◆ WORK TASK ◆
In the listing that follows, retype every line from the first through the one containing "Rare Amethyst Geode". Pictures are to be left out.
Start of DATA PROVIDED
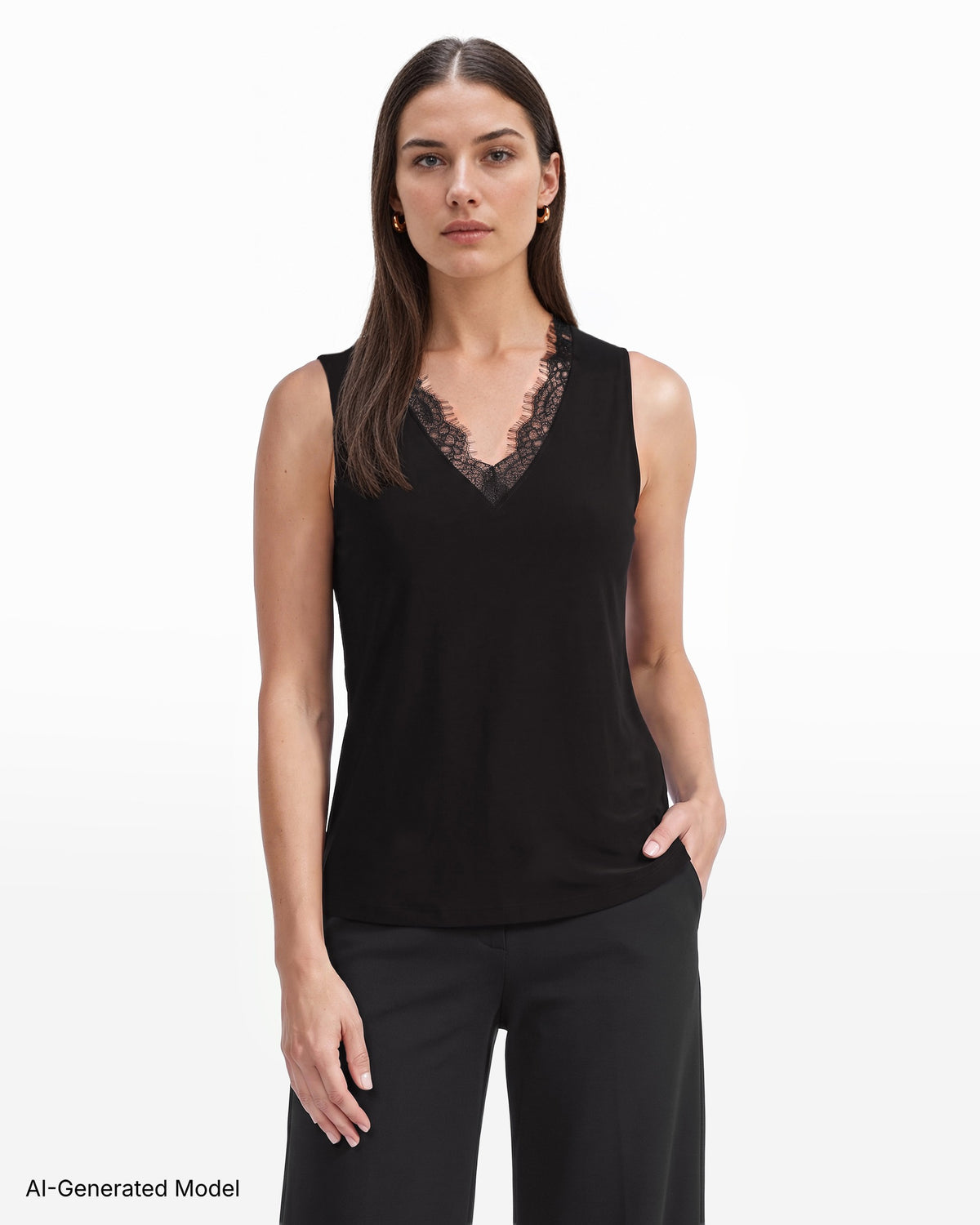 [SKU:12066138-3QK] V-Neck Lace Trim Top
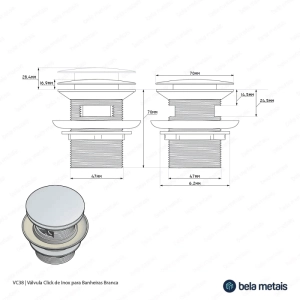 V&aacute;lvula Click de Inox para Banheiras (Branca)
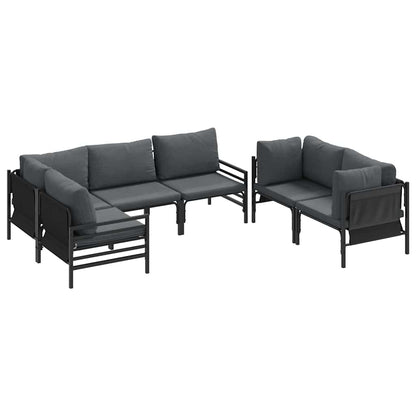 Garten-Sofa-Set mit Kissen 6 pcs Anthrazit Stahl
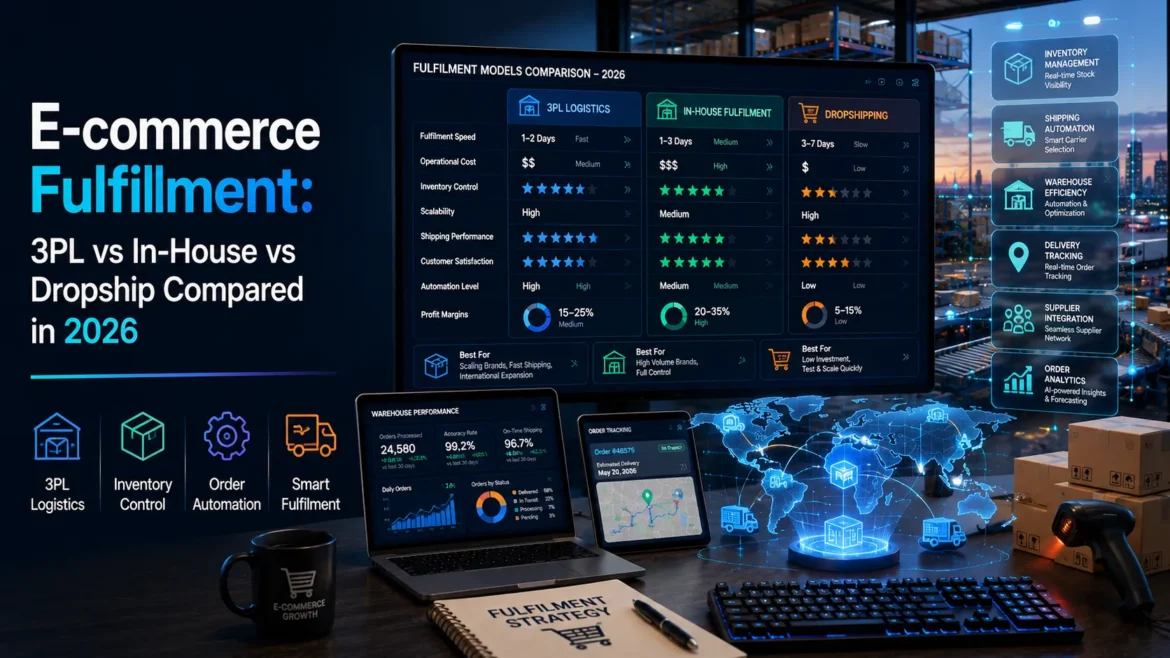 E-commerce fulfilment comparison dashboard showing 3PL, in-house fulfilment, and dropshipping models with AI-powered logistics analytics in 2026.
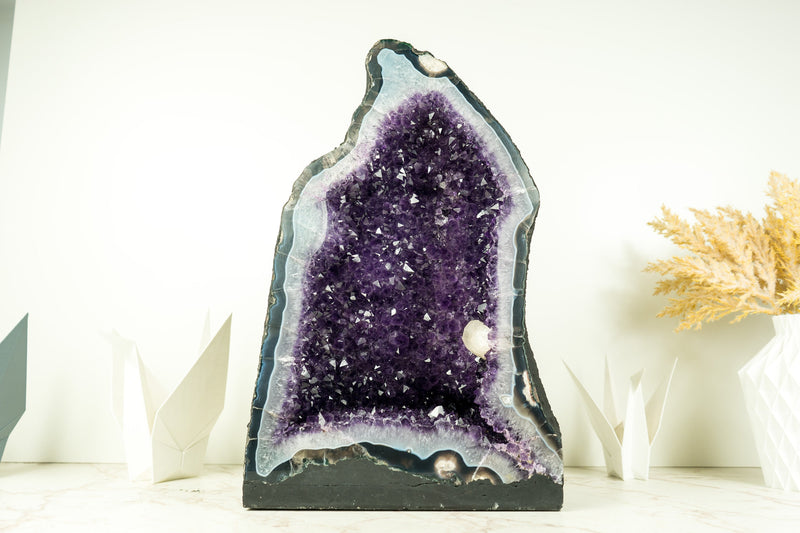 Rare Amethyst Geode with Deep Purple Amethyst Druzy, Blue Lace Agate, and Calcite Inclusion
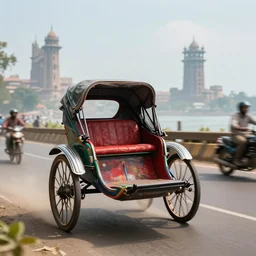 a rickshaw driving through bombay, an epic fantasy, wide shot,, ultrarealistic, detailed, depth of field, crisp details, photorealism, colorful, cinematic, horizon forbidden west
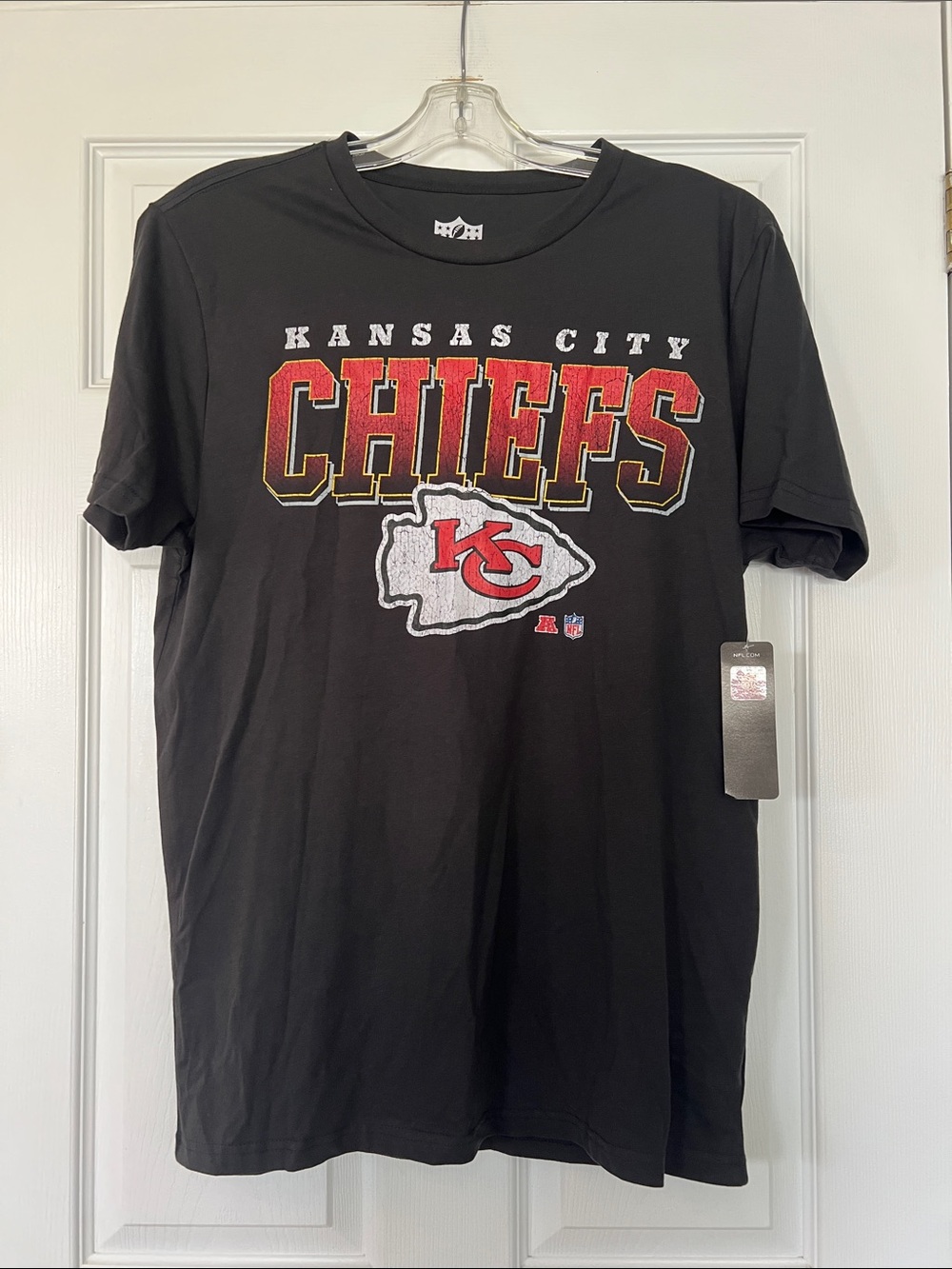 NFL Kansas City Chiefs Black Short-Sleeve Graphic Tee with Red & Gold Lettering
End of DATA PROVIDED
◆ TASK SOLUTION ◆
 [SKU:12066138-3QK] V-Neck Lace Trim Top
 V&aacute;lvula Click de Inox para Banheiras (Branca)
 Garten-Sofa-Set mit Kissen 6 pcs Anthrazit Stahl
 E-commerce fulfilment comparison dashboard showing 3PL, in-house fulfilment, and dropshipping models with AI-powered logistics analytics in 2026.
 Rare Amethyst Geode with Deep Purple Amethyst Druzy, Blue Lace Agate, and Calcite Inclusion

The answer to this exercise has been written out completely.